Monday, May 02, 2016

Coverups Customary in The St. Augustine Record?

"Coverups never work." Senator Howard Henry Baker, Jr., during Watergate

Ten years ago, the Record refused for multiple months to cover the City's dumping a landfill in a lake, even after the State of Florida sent a Notice of Violation. I broke the story in print, in The Collective Press (St. Augustine) and my column in Out in the City (Jacksonville).

The Record finally got around to covering it, even though it perpetually referred to the Old City Reservoir as "a water-filled borrow pit" -- in the words of former EPA Regional Administrator John Henry Hankinson, it was "an open sore going straight down to the aquifer and the groundwater. And when the City burghers and FDEP cooked up a deal to move the 2000 truckloads of contaminated solid waste back to Lincolnville, the Record supported them. We, the People stopped them. The contaminated solid waste is now in Nassau County landfill.

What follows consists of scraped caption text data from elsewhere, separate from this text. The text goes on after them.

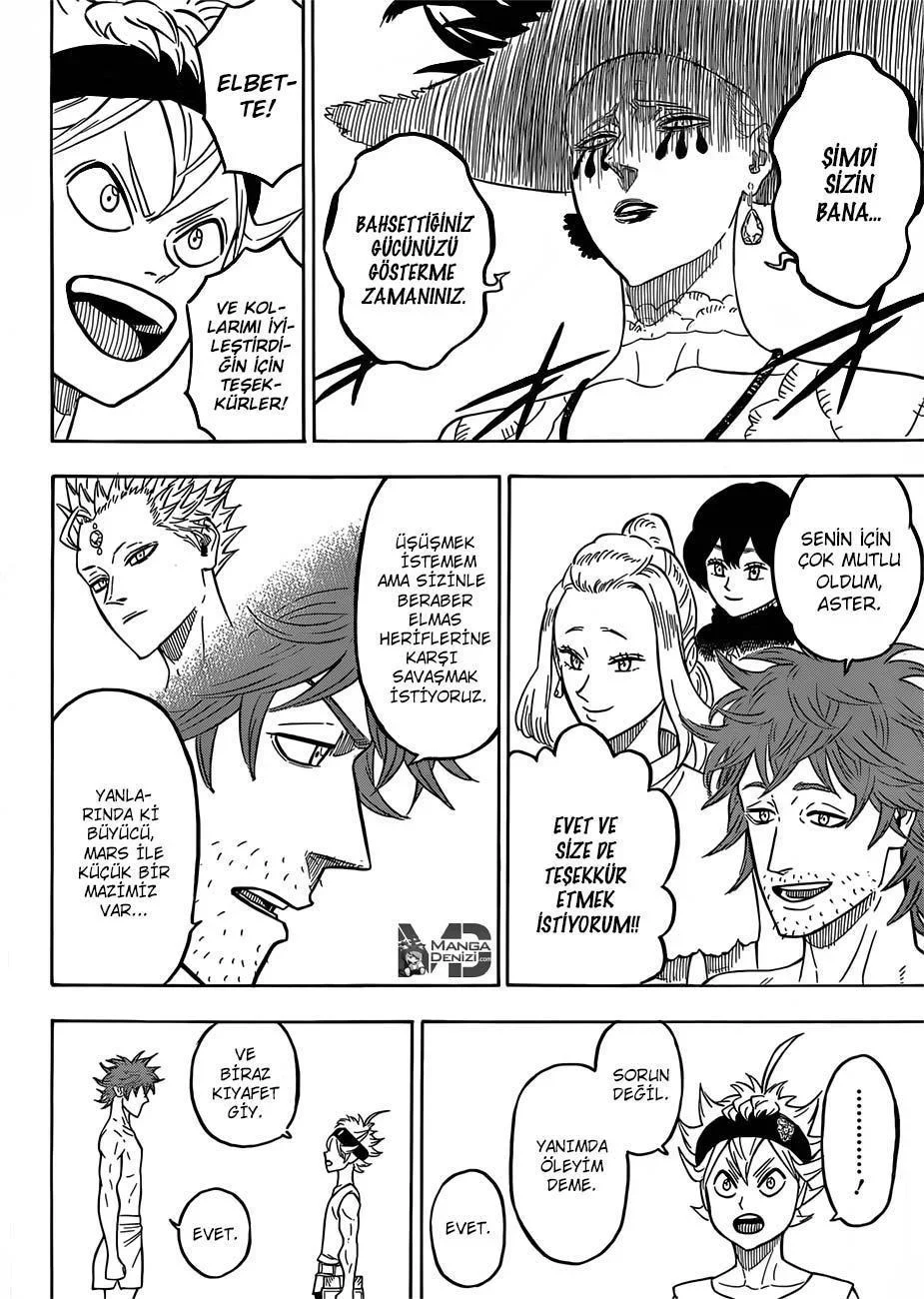 Black Clover - Bölüm 85 - Sayfa 5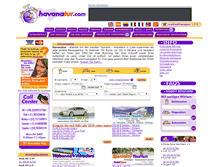 Tablet Screenshot of ge.havanatur.com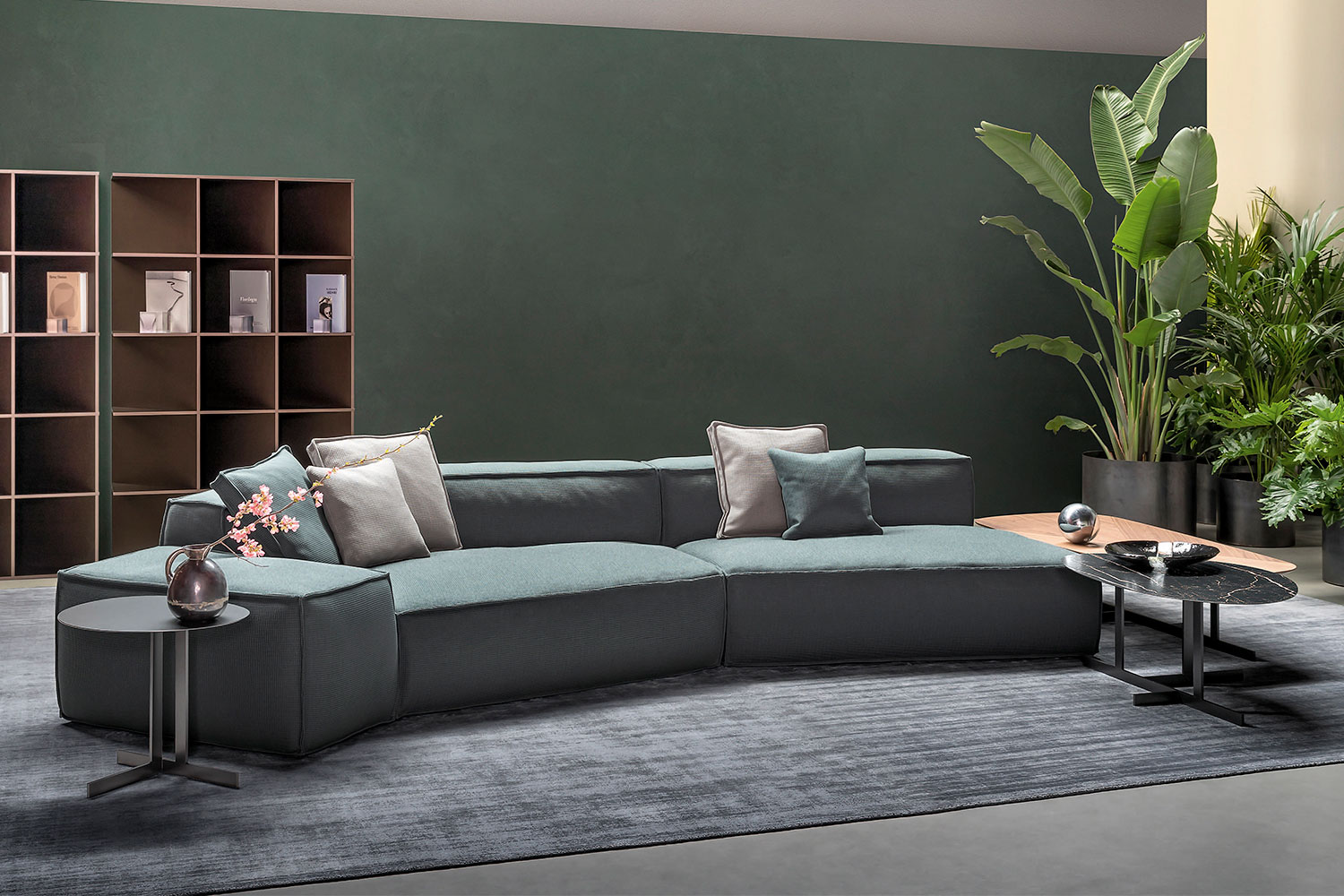 Peanut BX Combination 8 Sectional Sofa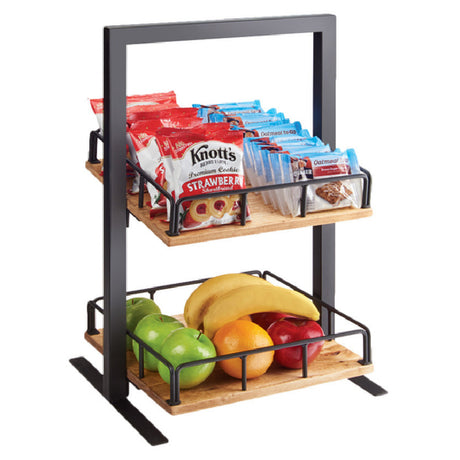 Cal Mil 3494-2-99 Madera Merchandiser 12"W X 12"D X 21"H 2-tier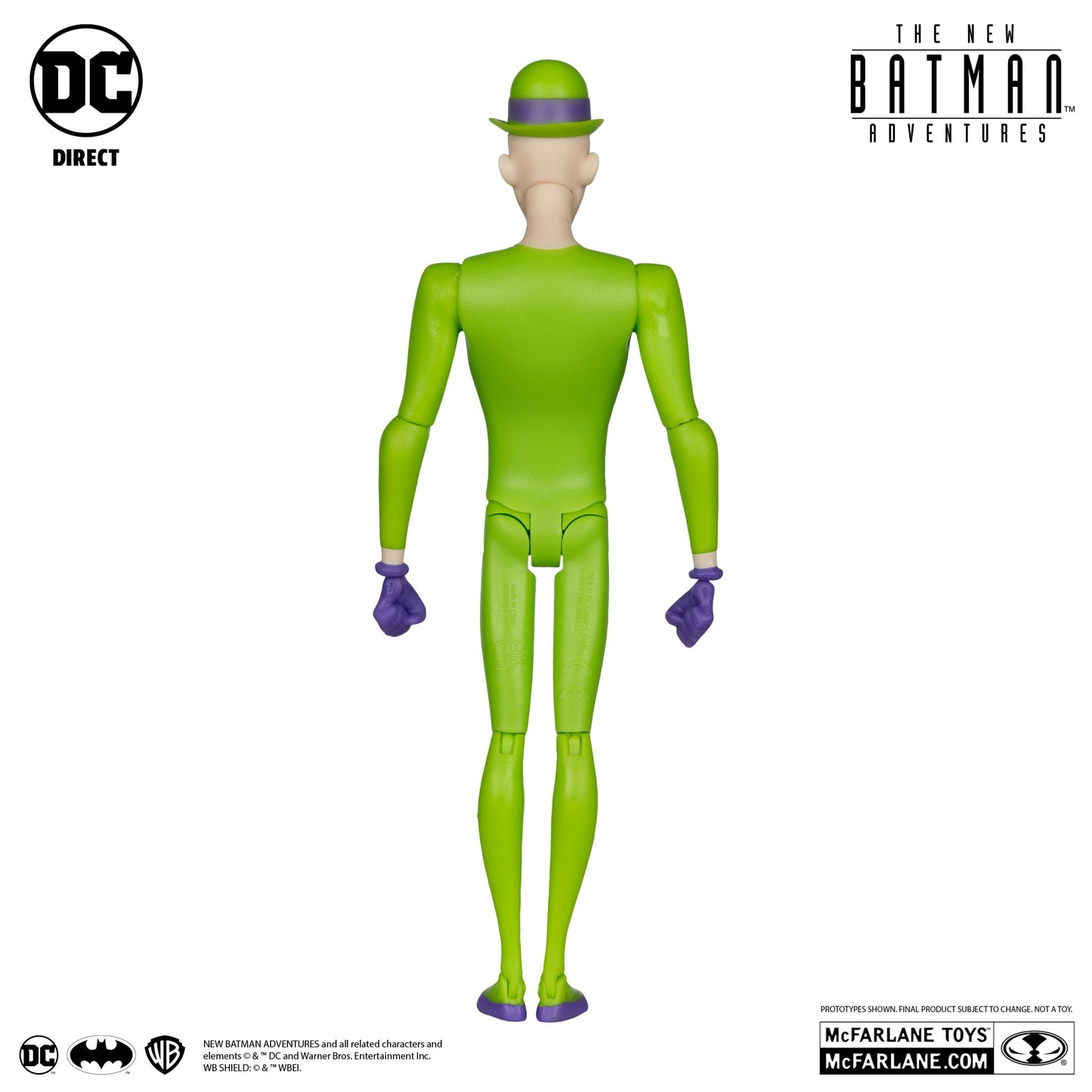 McFarlane Toys DC Direct The New Batman Adventures Action Figure Wave 4 - The Riddler PRE-ORDER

The Record refuses to report that Sheriff DAVID SHOAR is under FBI investigation?  Why? that

The Record refuses to report that Sheriff SHOAR has been sued by Rick Sheldon for wrongful death and civil rigths violations in the shooting of his wife. Why?

The Record refuses to report that the Sheriff's false, malicious charges of trespassing against Jeffrey Marcus Gray (carrying a picket sign on a sidewalk) were dismissed on April 25th by the State's Atorney's office? Why?

In bed with Sheriff SHOAR?

Too much ca$h from developers and government agencies?

The Record for a week has refused to report that all charges against activist-videographer-journalist Jeffrey Marcus Gray have been dropped?

Why?

You tell me.

1 comment:

Anonymous said...

why? the answer is simple. newspapers long ago were used as vehicles for advertising. If you stir the pot too much, then businesses will be reluctant to put their brand in it. Tourism First, unrestricted commercial/Residential Development second, everyone else be damned.